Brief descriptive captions
★ ★ ★ ★ ★ ★ ★

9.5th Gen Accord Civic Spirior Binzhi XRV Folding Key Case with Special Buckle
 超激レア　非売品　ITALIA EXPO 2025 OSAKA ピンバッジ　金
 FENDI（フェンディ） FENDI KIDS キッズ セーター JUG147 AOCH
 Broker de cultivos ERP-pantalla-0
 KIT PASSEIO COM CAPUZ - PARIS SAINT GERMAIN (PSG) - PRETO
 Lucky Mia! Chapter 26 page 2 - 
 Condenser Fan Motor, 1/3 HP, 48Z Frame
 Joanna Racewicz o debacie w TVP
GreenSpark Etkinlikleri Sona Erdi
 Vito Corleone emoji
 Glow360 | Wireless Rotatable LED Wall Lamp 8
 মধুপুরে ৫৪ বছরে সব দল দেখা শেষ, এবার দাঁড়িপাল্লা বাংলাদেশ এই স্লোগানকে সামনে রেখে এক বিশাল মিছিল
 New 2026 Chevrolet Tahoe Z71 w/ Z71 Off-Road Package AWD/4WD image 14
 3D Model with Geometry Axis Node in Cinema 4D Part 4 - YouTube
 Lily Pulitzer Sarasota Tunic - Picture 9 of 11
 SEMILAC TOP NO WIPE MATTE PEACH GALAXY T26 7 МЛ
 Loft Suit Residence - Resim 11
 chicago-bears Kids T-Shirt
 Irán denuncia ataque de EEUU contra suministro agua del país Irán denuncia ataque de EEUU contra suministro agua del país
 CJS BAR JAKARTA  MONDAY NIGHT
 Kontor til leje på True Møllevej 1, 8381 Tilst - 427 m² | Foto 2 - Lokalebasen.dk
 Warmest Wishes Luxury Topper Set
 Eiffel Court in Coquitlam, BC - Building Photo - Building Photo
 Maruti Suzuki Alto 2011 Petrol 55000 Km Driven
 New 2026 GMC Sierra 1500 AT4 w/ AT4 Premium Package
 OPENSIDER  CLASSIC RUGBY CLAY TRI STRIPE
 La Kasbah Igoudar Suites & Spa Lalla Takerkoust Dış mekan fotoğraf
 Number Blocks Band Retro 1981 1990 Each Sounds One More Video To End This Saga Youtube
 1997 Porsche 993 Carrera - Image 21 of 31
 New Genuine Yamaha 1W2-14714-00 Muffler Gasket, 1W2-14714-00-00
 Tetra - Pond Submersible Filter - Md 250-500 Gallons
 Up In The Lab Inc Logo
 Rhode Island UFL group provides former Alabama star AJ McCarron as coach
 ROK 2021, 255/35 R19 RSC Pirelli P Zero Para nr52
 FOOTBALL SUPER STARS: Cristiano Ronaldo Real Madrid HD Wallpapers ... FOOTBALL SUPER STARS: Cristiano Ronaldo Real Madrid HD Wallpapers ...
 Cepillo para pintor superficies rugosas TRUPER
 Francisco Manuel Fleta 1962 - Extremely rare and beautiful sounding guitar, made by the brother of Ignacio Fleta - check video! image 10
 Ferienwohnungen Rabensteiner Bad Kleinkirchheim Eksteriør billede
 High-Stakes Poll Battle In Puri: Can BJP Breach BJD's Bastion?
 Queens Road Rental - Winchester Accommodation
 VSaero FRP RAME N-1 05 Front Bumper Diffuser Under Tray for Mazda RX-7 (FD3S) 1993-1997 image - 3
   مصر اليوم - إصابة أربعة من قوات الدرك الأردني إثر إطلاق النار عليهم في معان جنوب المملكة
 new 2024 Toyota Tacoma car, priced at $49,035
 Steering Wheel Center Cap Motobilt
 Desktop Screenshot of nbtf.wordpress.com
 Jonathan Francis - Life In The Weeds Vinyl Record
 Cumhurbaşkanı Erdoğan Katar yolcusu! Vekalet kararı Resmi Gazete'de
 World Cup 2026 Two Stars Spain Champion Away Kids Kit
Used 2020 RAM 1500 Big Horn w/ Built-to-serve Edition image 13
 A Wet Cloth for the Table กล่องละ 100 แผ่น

★ ★ ★ ★ ★ ★ ★

Repeat only what lies between the first line of the data and the line containing "Lucky Mia! Chapter", both of those lines included, exactly as it stands.

9.5th Gen Accord Civic Spirior Binzhi XRV Folding Key Case with Special Buckle
 超激レア　非売品　ITALIA EXPO 2025 OSAKA ピンバッジ　金
 FENDI（フェンディ） FENDI KIDS キッズ セーター JUG147 AOCH
 Broker de cultivos ERP-pantalla-0
 KIT PASSEIO COM CAPUZ - PARIS SAINT GERMAIN (PSG) - PRETO
 Lucky Mia! Chapter 26 page 2 - 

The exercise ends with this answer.